By Professor Doom
Medieval laws can be funny to read. Both the laws and the penalties for violation are bizarre by modern “civilized” standards. Many laws, of course, were enacted differently for the serfs than for the nobility, with the former typically being punished more severely, for a wider array of violations.
The reason for this was simple: the nobility wrote the laws. Things have changed a bit nowadays, we don’t really have nobility, and there’s this theory that laws now apply to everyone (except for Hillary, of course). It’s a good theory, but something happened to warp that theory.
Our laws are no longer necessarily written by human beings. Our courts ruled that “corporations are people,” especially when it comes time to make campaign donations, and so corporations have a major hand in our law writing.
This is most evident when it comes to banks (which have a great deal of money to influence lawmakers), where the laws just don’t seem to apply, no matter how egregious the criminality. It’s clear the banks are now starting to write laws, and, much like the laws of centuries ago, these laws seem to be ridiculous to a civilized mind.
A recent example highlights what our system is degenerating into:
To be clear here, this only is a problem in New Jersey. For now. The article focuses on a poor mother whose son was murdered.
When DeOliveira-Longinetti called about his federal loans, an administrator offered condolences and assured her the remaining balance would be written off.

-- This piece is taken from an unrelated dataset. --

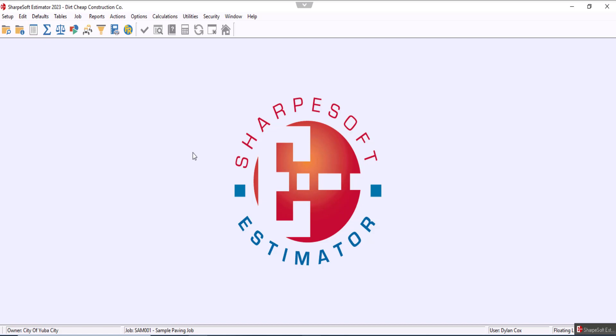Hello, SharpSoft family. Today we're going to go over how to export an estimator project to Microsoft Project.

Federal student loans are already atrocious: you can’t escape such loans via bankruptcy, you can’t even escape them if the loans were made to a fake school offering bogus education. Even if the loans are made on your behalf without your knowledge…you’re still in debt until the day you die (for new readers wondering how this can happen, the loan money goes to the school first, which can easily take all of it, while the student has no clue what’s going on. I’ll leave the gentle reader to consider how the loan disbursement system was set up this way…).
So, death can clear a student loan. Alas, New Jersey was influenced, somehow, into thinking that this was too generous a gesture, and decided to write the law so that a student loan debt can transcend death. New Jersey will pursue a debt beyond sanity:
“Please accept our condolences on your loss,” said a letter from the Higher Education Student Assistance Authority to DeOliveira-Longinetti, who had co-signed the loans. “After careful consideration of the information you provided, the Authority has determined that your request does not meet the threshold for loan forgiveness. Monthly bill statements will continue to be sent to you.”
True, the poor mother made a mistake by co-signing the loans, but New Jersey is remarkably vicious here:
New Jersey’s loans, which currently total $1.9 billion, are unlike those of any other government lending program for students in the country. They come with extraordinarily stringent rules that can easily lead to financial ruin. Re-payments cannot be adjusted based on income, and borrowers who are unemployed or facing other financial hardships are given few breaks.
New Jersey’s loans also carry higher interest rates than similar federal programs. Most significantly, the loans come with a cudgel that even the most predatory for-profit players cannot wield: the power of the state.
New Jersey can garnish wages, rescind state income tax refunds, revoke professional licenses, even take away lottery winnings — all without having to get court approval.
“It’s state-sanctioned loan sharking,” said Daniel Frischberg, a bankruptcy lawyer. “The New Jersey program is set up so that you fail.”
It’s natural to ask why New Jersey is like this, but the answer is an easy one to guess:
One reason for the aggressive tactics is that the state depends on Wall Street investors to finance student loans through tax-exempt bonds and needs to satisfy those investors by keeping losses to a minimum.
I keep railing against the Federal student loans as a great destructor of both higher education and our kids, but even state-based loans are clearly a horrible idea. Please understand, higher education doesn’t need government support, and certainly not “support” in form of a retributive student loan system. There have been “private” universities for centuries that are still doing just fine, despite this system.
On the other hand, the huge sums of money involved here simply invite corruption, in addition to being a system that provides no benefit to the taxpayer:
New Jersey’s agency was caught in what amounted to a kickback scheme. The state attorney general found that the agency had improperly pushed one company’s loans in exchange for annual payments of $2.2 million. A subsequent investigation by the state’s inspector general found that the agency was in “disarray.”
When faced with scandal, and the crushing of its citizens under an obviously detrimental system, a legitimate government would dismantle the system. New Jersey, of course, will take a different route:
New Jersey, meanwhile, encourages students to buy life insurance in case they die to help co-signers re-pay. As an agency pamphlet cautions, “Are you prepared for the unthinkable?”
Honest, if human beings were the only ones writing the laws, the abominations going on in New Jersey simply wouldn’t happen. The only question the remains is how long until the Federal government uses New Jersey as an example, and makes all student loans actually last past death?